Professional research was made by the family to find a marriage certificate in Scotland, the General Index showing no trace of any Hook marriage from 1861 back to 1855, but without success. This, supported by the fact that nothing can be found in any military records of one in England does rather raise the question if there ever was one, at least officially and with the benefit of clergy. Was it perhaps a "Gretna Green" marriage?
His brother Robert (also born in Holy Trinity Parish at Clapham, London) on the 14th of December 1823, the first son of James Hook, a bricklayer, and his wife, Mary-Anne (nee Newson) had enlisted into the 13th L.D. on the 30th of October 1843 at the age of 18. His regimental number was 1187. His trade was also that of a groom. Promoted to Cpl. on the 31st of January 1852, he died (the cause of death being "Hoemoplysis. Certified.") [PB: "Haemoptysis"? i.e. coughing up blood caused by e.g. tuberculosis, chronic bronchitis etc] at Hounslow on the 17th of August 1852. His "credits" of £1/3/4d. were handed over to his brother, Alfred Hook, 13th Light Dragoons. He was buried in the churchyard of St. Leonard's at Heston on the 20th of August 1852 at the age of 27 years. (See copy of his death certificate in the 13th Hussar file.)

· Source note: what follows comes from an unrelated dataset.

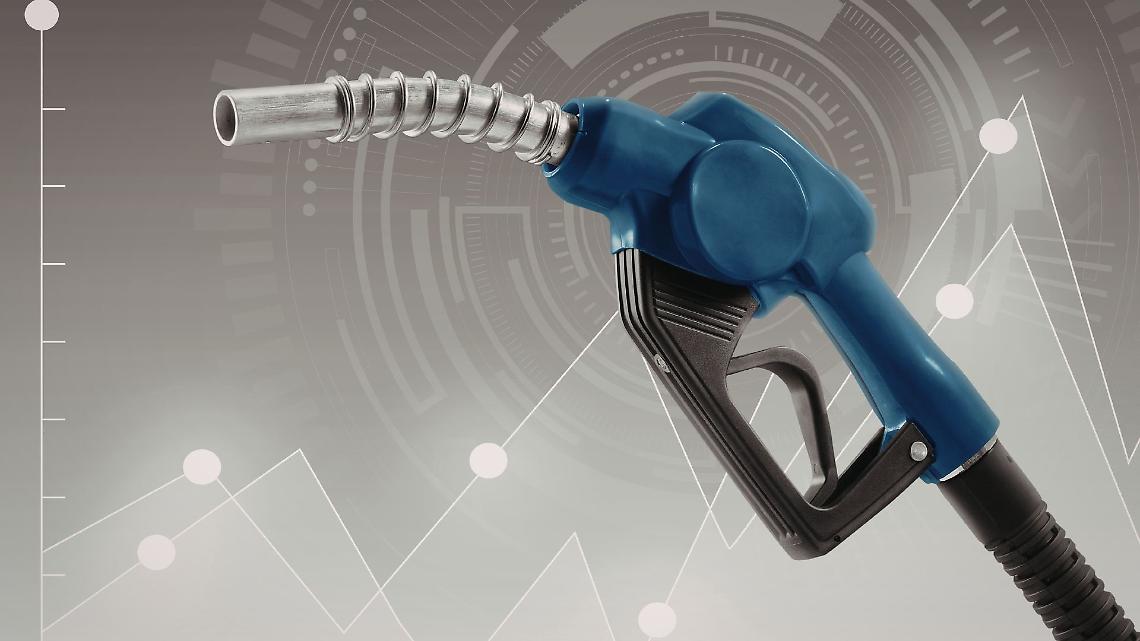 Carburanti fuori controllo: il gasolio sfonda quota 2,1 euro, l&rsquo;Italia viaggia verso una nuova emergenza prezzi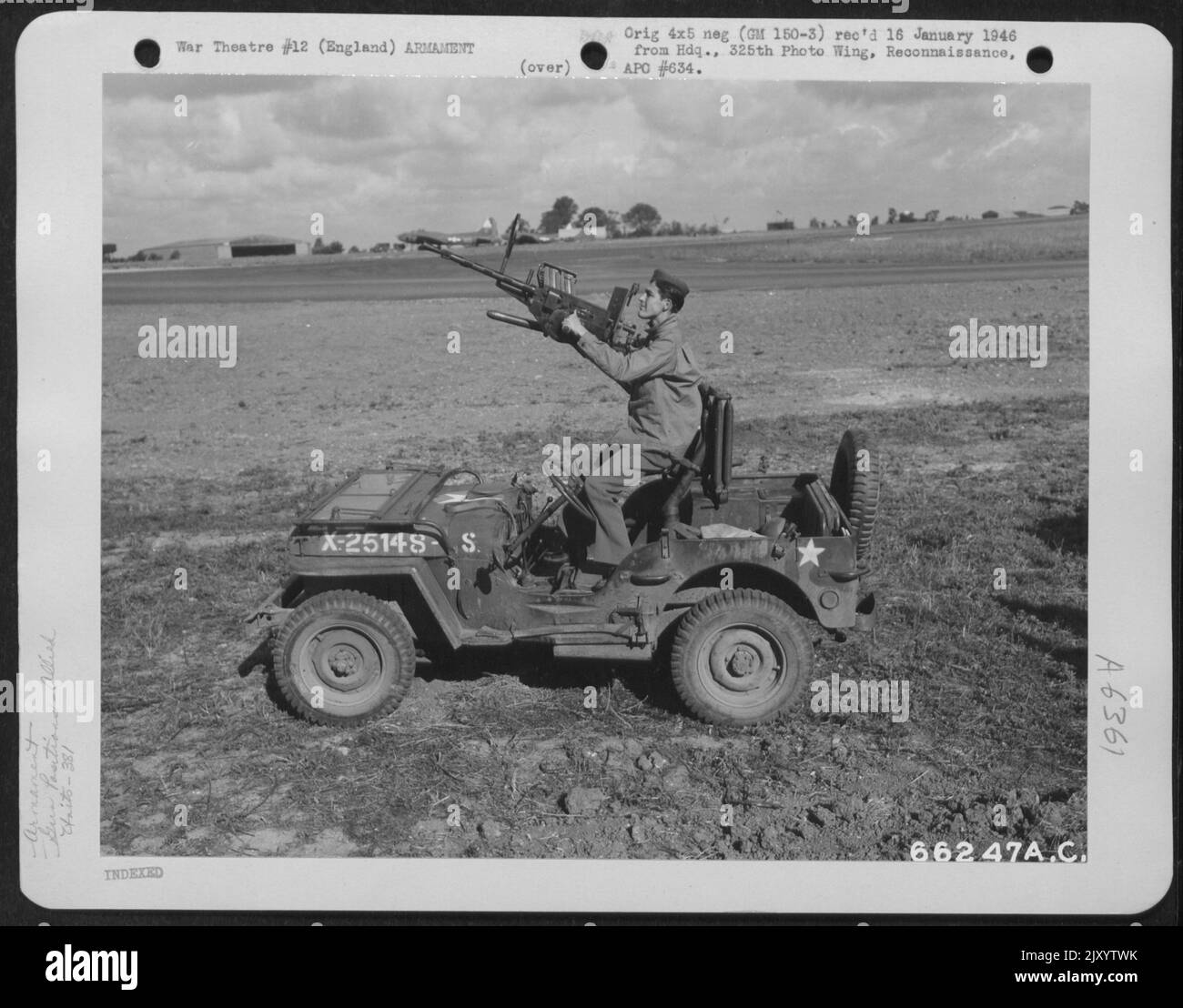 Field Defense - A 50 Cal. Anti-Aircraft Gun Is Mounted On A Jeep At 8Th Air Force Station 167 In England. 14 August 1943, 381St Bomb Group Stock Photo - Alamy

Newson Hook was born at Clapham on the 4th of August 1841 and enlisted as No. 562 into the 58th Foot at Westminster on the 4th of August 1859 at the age of 18 years. He was a labourer by trade. On the 11th of March 1864 he purchased his discharge at Newry, Ireland, for the sum of £20 under the authority of the Adjutant General's Office at Dublin, dated the 7th of March 1864, his conduct was classed as "Very good" and was in possession of one G.C badge. (See copy of his discharge document in the 13th Hussar file.) He intended to live at Clapham, Surrey, but after marrying Mary Pentney Knight at Battersea in June 1866 emigrated to Canada in May 1870. Here he died on the 20th of March 1926. It was his fourth child, Alfred George. who became the grandfather of Mrs. Jo-Anne Ward.
A portrait exists in the family of him dressed in the uniform of a colour-sergeant of the 58th Foot, something which he never was and probably an example of "studio-props" and a desire to impress. (See copy of this in the 13th Hussar file). Two other pictures (one said to have been taken at Frazer and Anderson's Studio, High Street, Perth (which opened for business in 1851) and another with no indication on the reverse, exist, and either one of those pictured could be Alfred or Robert Hook.
Their father, James Hook, a bricklayer, died in 1849 of "T.B.". Their mother, Mary Ann (nee Newson), remarried the following year.